While releasingthe report on Friday, April 19th, Secretary of State John Kerry made clear that human rights are central to US national security, and the consistency of the reports are a key tool to help advance it.

The most significant problems in Azerbaijan during last year were:

1. Restrictions on freedom of expression, including intimidation, arrest, and use of force against journalists and human rights and democracy activists online and offline.

2. Restrictions on freedom of assembly. While the government approved three peaceful protests in the spring and released all persons arrested for participating in protests in spring 2011, it limited approved demonstrations to a location far from the center of Baku, regularly denied other applications for peaceful political protests, forcefully dispersed unsanctioned protests, and often detained demonstrators.

3. Unfair administration of justice, including continued reports of arbitrary arrest and detention, politically motivated imprisonment, lack of due process, executive influence over the judiciary, and lengthy pretrial detention. Authorities failed to provide due legal process with regard to property rights, resulting in forced evictions, demolition of buildings on dubious eminent domain grounds, and inadequate compensation for property taken by the state.

Other human rights problems reported during the year included reports of torture and abuse in police or military custody that resulted in at least four deaths; harsh and sometimes life-threatening prison conditions; continued arbitrary invasions of privacy; restrictions on the religious freedom of some unregistered Muslim and Christian groups; constraints on political participation; corruption at all levels of government; continued official impediments to the registration of human rights nongovernmental organizations (NGOs); violence against women; and trafficking in persons.

"The government failed to take steps to prosecute or punish most officials who committed human rights abused," reads the executive summery of the document.

Domestic human rights monitors reported that security forces abused 141 persons in custody during the year (including a number of reported instances of torture), compared with 136 in 2011.

The report also indicates that most mistreatment took place while detainees were in police stations and that abuse ceased once detainees moved to pretrial detention facilities: "Impunity remained a problem. Authorities reportedly maintained a de facto ban on independent forensic examinations of detainees who claimed mistreatment and delayed their access to an attorney".

The government continued to limit freedom of speech and media independence.

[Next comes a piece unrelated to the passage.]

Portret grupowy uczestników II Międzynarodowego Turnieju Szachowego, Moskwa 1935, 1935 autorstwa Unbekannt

Journalists faced intimidation and were beaten and imprisoned. International observers reported that at least six remained imprisoned at year's end.

While ligtening the global human rights situations, the State Department criticized a host of new restrictions on advocacy groups including laws banning free speech, assembly and religion.

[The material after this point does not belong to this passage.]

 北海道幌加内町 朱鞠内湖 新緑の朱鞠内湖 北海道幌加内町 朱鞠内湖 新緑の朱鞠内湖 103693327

Commenting on the latest human rights situation in Azerbaijan, a State Department official, speaking on condition of anonymity, told TURAN's Washington DC correspondent that it is time to once and forever admit violence "serves no one's interests in Azerbaijan".

A serious public dialogue is necessary if the government truly wants to address and prevent the popular concern about continuing human rights abuses and corruption the Azerbaijan, according to the source.